In some feasible implementations, the shape of the first section includes a rectangle, and long sides of the first section extend in the axial direction. When the cam assembly is applied to a terminal device, the first concave portion bears a force exerted by the cam structure. Because a first abutting surface of the first concave portion is usually an inclined plane having an obtuse angle with an end face of the first cam, an included angle between the force and the end face of the first cam is an obtuse angle, and the force can be decomposed into a force in the axial direction of the first cam (namely, axial force) and a force in the radial direction of the first cam (namely, radial force). When long sides of a cross-section of the first fastening body extend in the axial direction of the first cam, the extension direction of the long sides of the first fastening body is the same as the direction of the axial force, and therefore the first fastening body can provide better axial support for the first cam. Similarly, the first fastening body can also provide better axial support for the second cam.

In some feasible implementations, a shape of a second section captured along a second cutting plane of the second fastening body includes a circle or a polygon, and the second cutting plane is perpendicular to the axial direction. In this way, the second fastening body can be manufactured by using steel with the existing section shape, that is, materials can be easily obtained.

In some feasible implementations, the shape of the second section includes a rectangle, and long sides of the second section extend in the radial direction of the first cam or the second cam. When the cam assembly is applied to a terminal device and bears a force exerted by the cam structure, the extension direction of long sides of a cross-section of the second fastening body is the same as the direction of the radial force formed by decomposition of the force, and therefore the second fastening body can provide better radial support for the first cam and the second cam.

In some feasible implementations, materials of the connection body include a wear-resistant material. In this way, the materials of the connection body, the first cam, and the second cam are the same, so that the connection body, the first cam, and the second cam can be manufactured in an integral forming manner, which can avoid the situation that welds are generated between the connection body, the first cam and the second cam when manufacturing a cam body, and therefore cracks appear at the welds when the cam body bears a force.

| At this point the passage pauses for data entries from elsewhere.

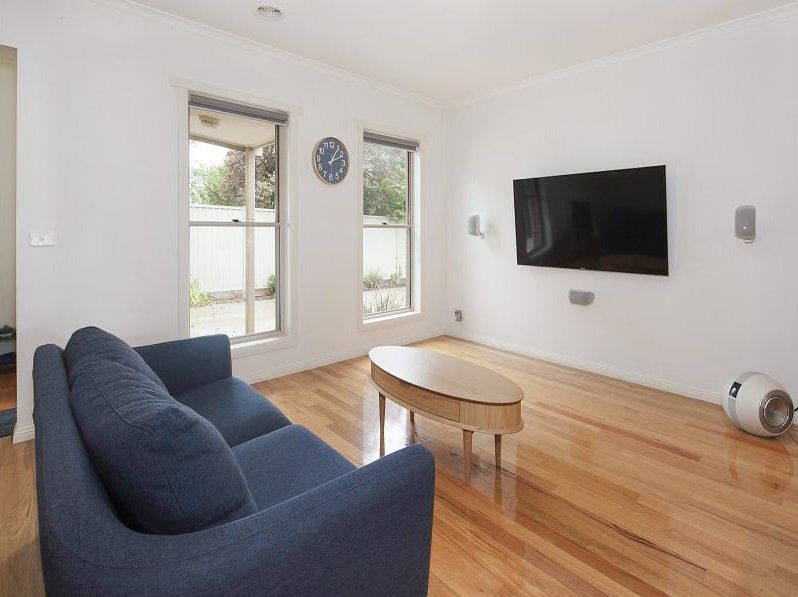 2/116 Clyde Street, Soldiers Hill, VIC 3350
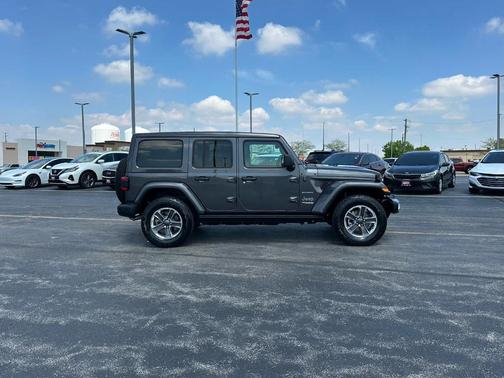 2021 Jeep Wrangler Unlimited Sahara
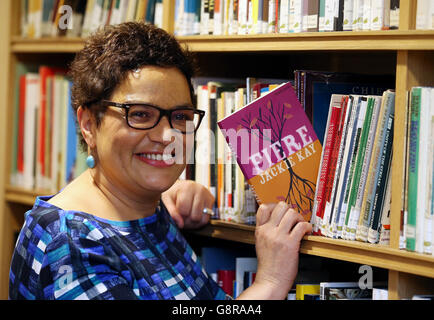 New Makar Jackie Kay (poète national écossais) avec son livre Fiere à la bibliothèque de poésie écossaise d'Édimbourg. Banque D'Images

In some feasible implementations, materials of both the first cam and the second cam include a ceramic particle reinforced aluminum matrix composite. Because the ceramic particle reinforced aluminum matrix composite has relative high wear resistance, the first cam and the second cam have relative high wear resistance.

In some feasible implementations, materials of the frame include stainless steel. Stainless steel is high strength steel, and therefore the strength of the frame can be improved, thereby improving the strength of the cam assembly.

This application further provides a folding mechanism, including a cam assembly according to any of the foregoing implementations, and a cam structure cooperating with the cam assembly. The folding mechanism can achieve all effects of the foregoing cam assembly.

In some feasible implementations, the cam structure and the cam assembly are arranged in the axial direction. A second concave portion is disposed at the end that is of the cam structure and that faces the cam assembly. The second concave portion is configured to abut on the first concave portion of the cam assembly, so that when the cam structure rotates around an own axis, the cam assembly moves in the axial direction. When the cam assembly of this application is applied to a terminal device, the cam assembly always has relatively high wear resistance, so that there will be no large amount of wear, and therefore the folding mechanism can provide relatively stable damping. When the terminal device is folded or unfolded to an angle, the folding angle will not be increased or decreased due to an accidental touch of a user, and therefore user experience can be improved.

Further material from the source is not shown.